エクスターナルサーマルスイッチの共同開発

未着手だった
エクスターナルサーマルスイッチを
提携先と共同開発し、
中国市場の開拓に挑む。

未着手だった
エクスターナルサーマルスイッチを
提携先と共同開発し、
中国市場の開拓に挑む。

生方製作所はインターナルプロテクターで約7割のシェアを保有するが、インターナルの2倍の市場規模を持つと言われるエクスターナルサーマルスイッチ製品は生産していない。その技術を持つメーカーとの提携によりエクスターナルタイプのスイッチを共同で開発し、生方製作所は巨大な中国市場の開拓を狙う。

安宅 孝志
安宅 孝志 TAKASHI ATAKA
CSセンター デザイン1
グループマネージャー
1993年入社/工学部機械学科卒
粕谷 幹俊
粕谷 幹俊 MIKITOSHI KASUYA
CSセンター デザイン1
2011年入社/工学部電子電気工学科卒

2倍の市場規模を狙え

もらってきたスイッチを試験したが、結果は製品化には程遠いものだった。もらってきたのは携帯電話のバッテリーに使われるスイッチ。ところが狙っているのはエアコン用コンプレッサーにつけるサーマルスイッチである。電圧が違うから製品化できないのは当然だった。それまでの経緯はこうである。当時、生方製作所はエクスターナル市場をターゲットにした新製品開発を進めていた。そこに、お互いの強みを活かせるんじゃないか?と紹介を受けたのが携帯電話のバッテリー用スイッチを作っているメーカーだった。コラボレーションによって、製品化することができ、中国市場への展開も見えたためこれを受け入れることに。
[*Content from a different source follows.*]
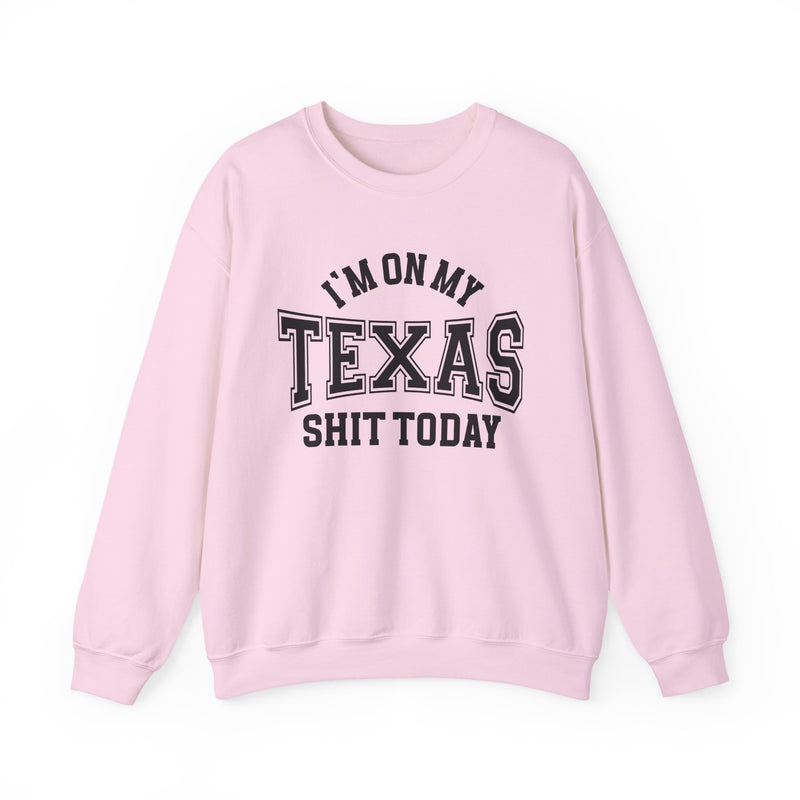 Sweatshirt with collegiate lettering reading I'M ON MY TEXAS SHIT TODAY, front view.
コンプレッサー向けのインターナルプロテクターでは約7割の市場を握るが、その倍の市場規模を持つエクスターナルタイプの製品は持っていない。もし、開発ができて中国市場に投入できれば、確実に成果が得られるだろう。こうしてそのメーカーとの提携が決定したのである。生方主導で開発し、提携先のメーカーで量産、生方が自社ブランドで発売する。ところが、そのスイッチが(市場の要求を)満足できる水準にはなかったのだ。

2倍の市場規模を狙え

待ってろ、中国市場

スイッチとしての信頼性を高めるには高電圧に耐えられるよう接点を大きくしなければならない。また、寿命を延ばすためバイメタルの温度帯と耐久性のバランスを取ることも必要である。この観点から設計を進め、試作ができるごとに提携先に送り、量産の検討をしてもらった。生産を担当する提携先はできれば既存の設備を使い、初期投資をできるだけ抑えて量産にかかりたいとの意向を持っていたからだ。そこで提携先の設備仕様を念頭に置いて設計を進めていった。提携先が得意とするのはインサート成形を含めた樹脂成型。ただ、今回の形状は過去に経験がなかったため、チャレンジングな部分があった。生方のプロテクターにおけるノウハウと提携先の樹脂成形におけるノウハウが合わさり、大きな初期投資をすることなく量産に目途をつけることができた。
まだ、最終的なデザインやコストなどをブラッシュアップしていく必要はあるが、納入先での評価も始まっているから中国市場に投入される日もそう遠くはない。この際、1990年代終わりから中国に現地法人を設立し、実績を重ねてきた生方製作所の経験が生きてくることは間違いがないだろう。今は、中国のエクスターナルサーマルスイッチ市場よ、待ってろという心情だ。